Generally I agree, but if they are what it takes to keep Hobby Talk available to us so be it.


----------



## race71 (Oct 20, 2010)

Use Adfender and popups and ads on most sites disappear as well as load the web site faster. :thumbsup: http://adfender.com/


----------



## jdearhart (May 11, 2006)

race71 said:


> Use Adfender and popups and ads on most sites disappear as well as load the web site faster. :thumbsup: http://adfender.com/


:thumbsup::thumbsup:


----------



## Promatchracer (Sep 28, 2001)

They are not POP up ads 
HT is not directly responsible for them 
Please if there is an issue Use the contact us link or Report a post link 
We are looking into the redirecting to a different page


----------



## OvalTrucker (Dec 14, 2003)

It is VERY annoying.
Paid member's paid to avoid these sorts of things!


----------



## Promatchracer (Sep 28, 2001)

Promatchracer said:


> They are not POP up ads
> HT is not directly responsible for them
> Please if there is an issue Use the contact us link or Report a post link
> We are looking into the redirecting to a different page


Please everybody read this 
Hobbytalk is Looking into this problem As of right now it is not something that was done on purpose. They are looking into it


----------



## nutz4rc (Oct 14, 2003)

I appreciate that it is being worked on. I tried the contact us but no one responded. I used this in the past and ask that a thread be removed and no one answered it then. Is it possible the messages are being stopped by a spam filter?


----------



## Promatchracer (Sep 28, 2001)

I am not sure where the contact email goes to 
Best is to report post or PM me directly


----------



## nutz4rc (Oct 14, 2003)

The Contact Us didn't work when Hank had the site so that is nothing new. In future, I will send anything to you. Thanks.


----------



## swtour (Oct 8, 2001)

...they are ANNOYING - who ever is responsible - GRRRR


----------



## SJacquez (Sep 28, 2001)

I get the pop up ad on my home computer. 

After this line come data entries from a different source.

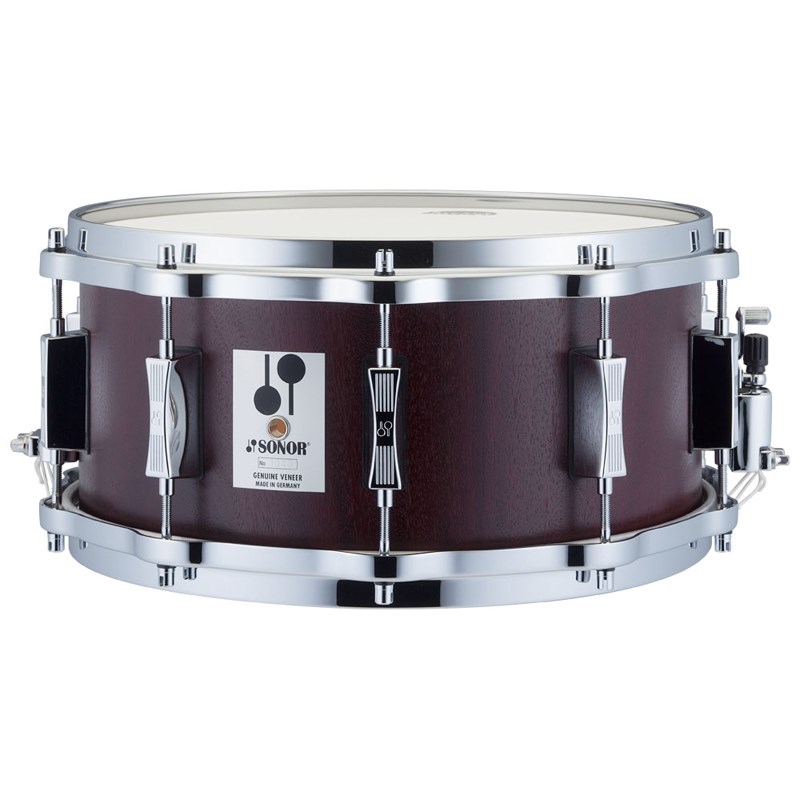 楽天市場】SONOR D-515PA [Phonic Series 14 x 5.75 / ローズウッド化粧板]【お取り寄せ品】 (新品) :  Ikebe大阪プレミアム楽天市場店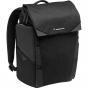 MANFROTTO Backpack 30 Chicago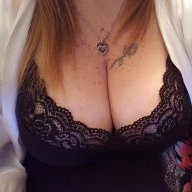 PlaywithKaren72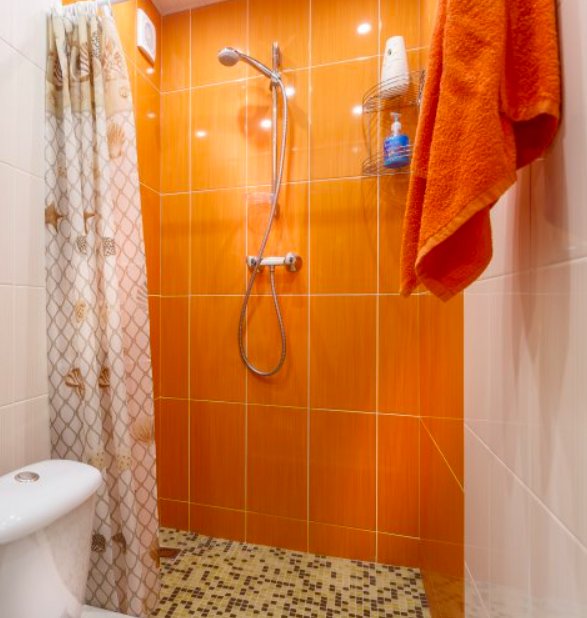 Балашиха: Parizh Na Dmitirieva 4 Apartments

No pop ups on the work computer.


----------



## Lucky Lance (Dec 29, 2004)

*Sorry*

I started this thread, not only because I was PIS ED about these ads, but also because I had NO IDEA on WHO to contact, or WHERE to contact them on this site...I will look for the ads to DISAPEAR and I will CONTINUE to SUPPORT this site, (best, in my opinion). Once again, all I can say is SORRY!


----------